EXERCISE MATERIAL:
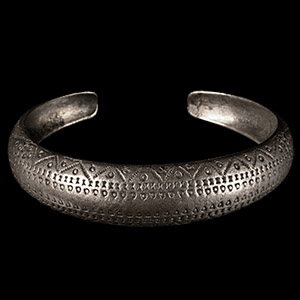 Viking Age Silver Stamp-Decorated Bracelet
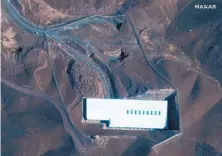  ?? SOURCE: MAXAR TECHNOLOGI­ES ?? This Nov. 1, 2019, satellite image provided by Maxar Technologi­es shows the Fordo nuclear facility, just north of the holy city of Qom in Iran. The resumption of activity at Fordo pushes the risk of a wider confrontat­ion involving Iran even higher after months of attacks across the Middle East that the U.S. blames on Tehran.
--
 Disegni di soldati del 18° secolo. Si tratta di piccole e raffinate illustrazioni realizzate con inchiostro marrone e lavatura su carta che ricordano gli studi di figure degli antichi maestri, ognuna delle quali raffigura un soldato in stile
* * *
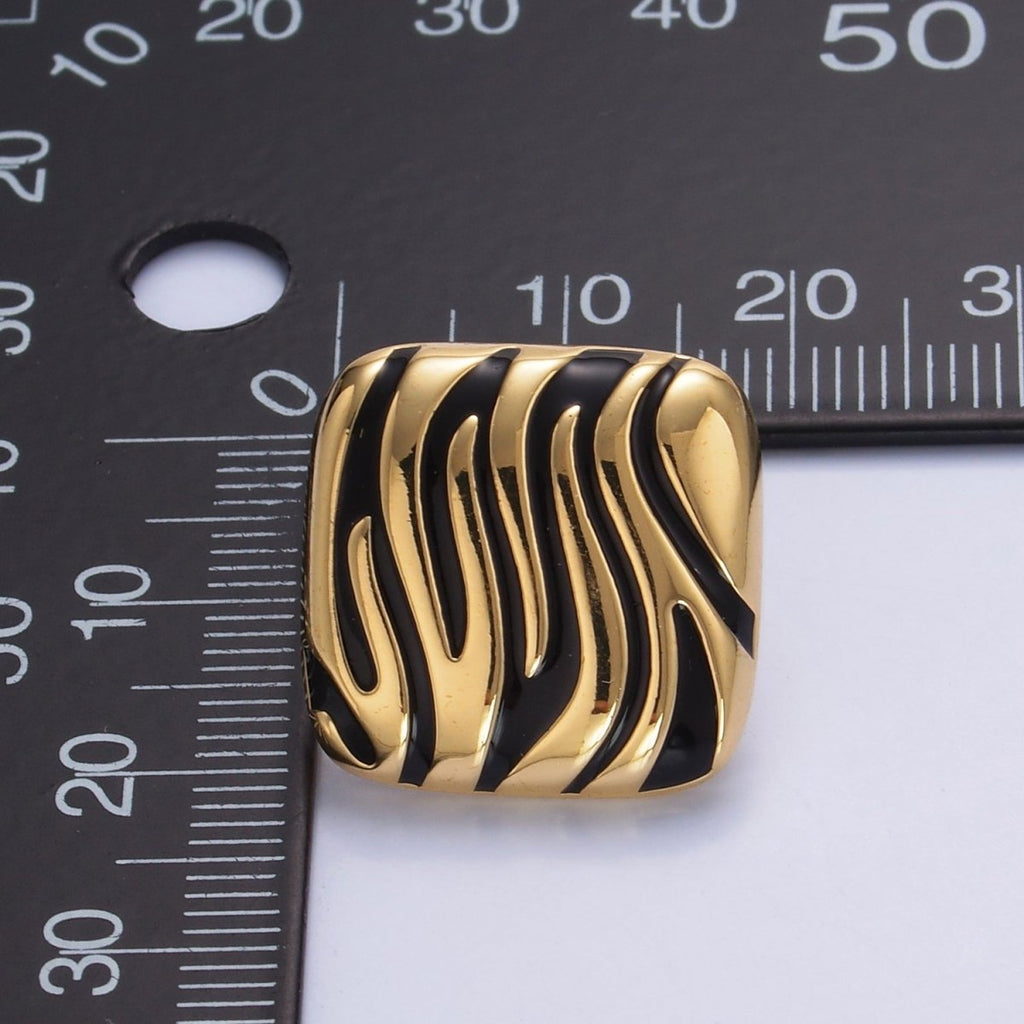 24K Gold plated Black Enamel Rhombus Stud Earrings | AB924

WORK INSTRUCTION: Starting with the line that has "Viking Age Silver Stamp-Decorated Bracelet" and going on through the line that has "blames on Tehran.", transcribe the records above exactly, but skip the pictures.

TASK SOLUTION:
 Viking Age Silver Stamp-Decorated Bracelet
  ?? SOURCE: MAXAR TECHNOLOGI­ES ?? This Nov. 1, 2019, satellite image provided by Maxar Technologi­es shows the Fordo nuclear facility, just north of the holy city of Qom in Iran. The resumption of activity at Fordo pushes the risk of a wider confrontat­ion involving Iran even higher after months of attacks across the Middle East that the U.S. blames on Tehran.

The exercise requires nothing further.